While Prime Minister Gillani meets President Obama, in Seoul, US Special envoy on Pak-Afghan affairs, Marc Grossman will have a meeting with President Asif Ali Zardai on the sidelines of the Dushanbe Moot on Afghanistan being held on March 25, 2012. About the PCNS recommendations, Mr Grossman said that, only after the finalization of the recommendations by Parliament, US will be in a position to have “conversation with the government of Pakistan about how to go forward.” Hopefully, President Zardari will pursue the Pakistani national interests in Dushanbe Moot and will clarify Pakistani position about many misperceptions prevailing either in US or elsewhere. On its part, United States must regard and respect the outcome of the PCNS recommendations and whatever transpires in the Parliamentary debate in the light of these recommendations.

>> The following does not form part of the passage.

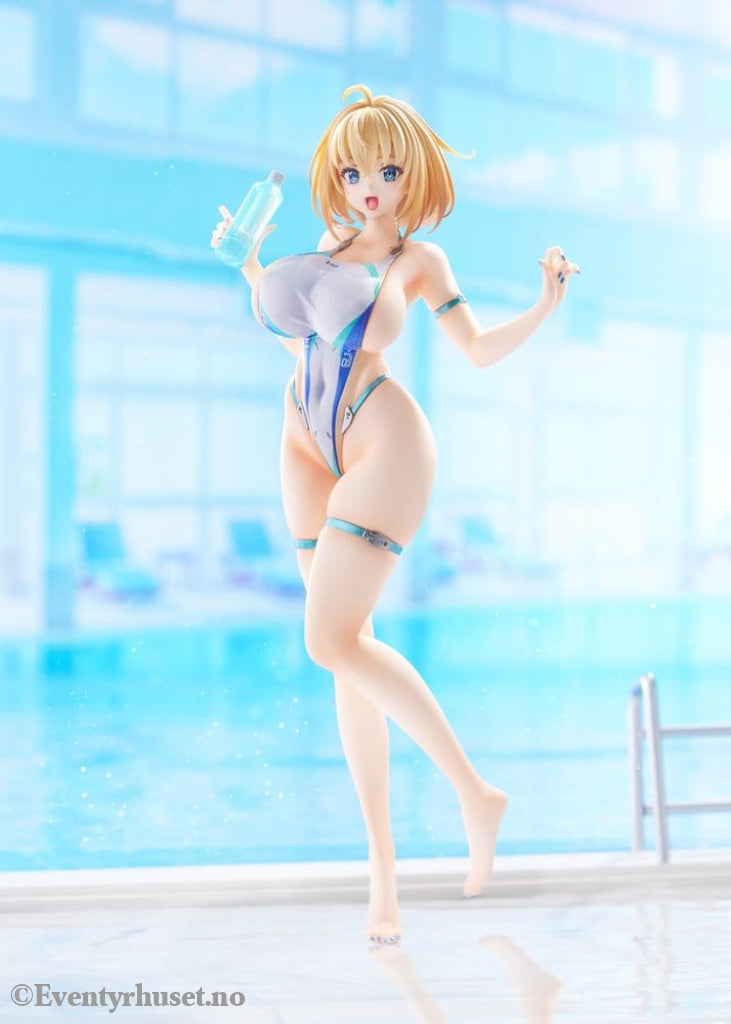 Bunny Suit Planning Statue PVC 1/6 Sophia F. Shirring High-cut Swimsuit Ver. 27 cm Manga & Anime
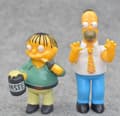 Pikkukuva 2 / 7: 14 Pack Simpsons Family  Figurer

In summary, each country has the right to make laws, which suit its national interest and help her securing its sovereignty. If US Policy and lawmakers are securing American interests all over the world, should not Pakistan make laws within its own geographical jurisdiction? After sixty-five years of indistinct relationship, there is a requirement that Pakistan too have a set of thoroughly debated and well thought out rules and regulations for its relationship with other countries. This is particularly essential, once our geo-politics is being used by any external power or we rendered our services to a certain country or to the international community; as being practiced since 2001.